Bill Lievesley had just got home from school when his mum came in and told him: “People are saying there’s been a Plane crash.”
Close by on the outskirts of Turin, the wreckage of an aeroplane lay smouldering on the Superga hill, 700 metres up behind the giant basilica that overlooks the city.
Going through the suitcases and bodies, searchers eventually identified the victims and began to realise that among the 31 dead were Serie A’s all-conquering champions, Il Grande Torino.
It was 4 May 1949 and Torino were set to win a fifth consecutive league title.

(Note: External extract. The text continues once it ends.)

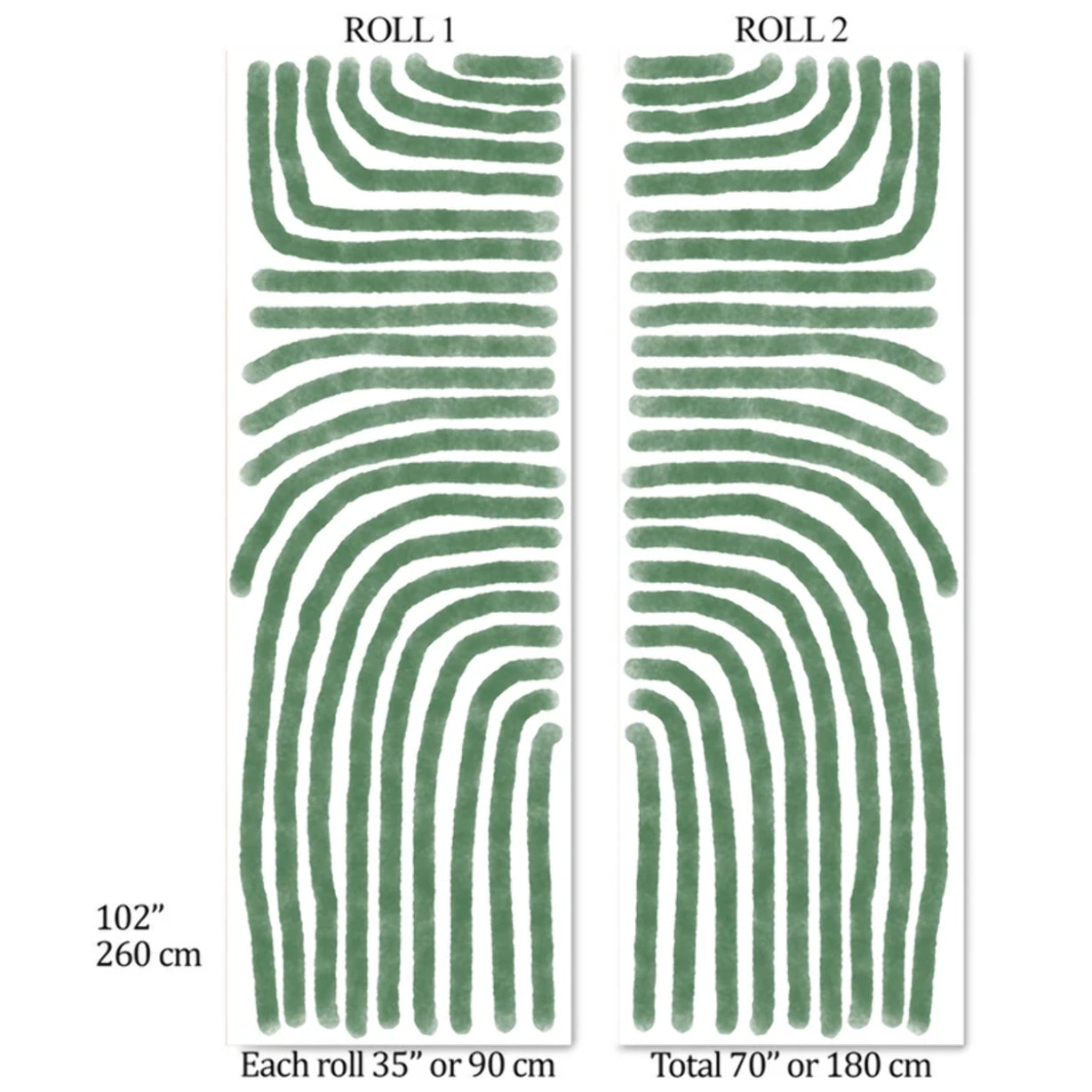 Carta da Parati Boho Astratta Verde e Bianca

With four matches of the season remaining, the team had flown out to play a testimonial match for a Benfica player in Lisbon.
On the way back, almost the entire squad was killed, including their Hungarian-Jewish manager who had escaped from the Nazis and their English coach Leslie Lievesley, a former Manchester United full-back who incredibly had survived three previous air crashes. His son Bill was about to turn 11.
On that late afternoon, news quickly spread throughout the north Italian city. By evening it had reached Sauro Toma, a defender who had not travelled with his team-mates because of injury. Scores of emotionally overwhelmed fans mobbed him in the street. Before his death in 2018, aged 92, he said he lived as someone “condemned to survive, while my brothers perished”.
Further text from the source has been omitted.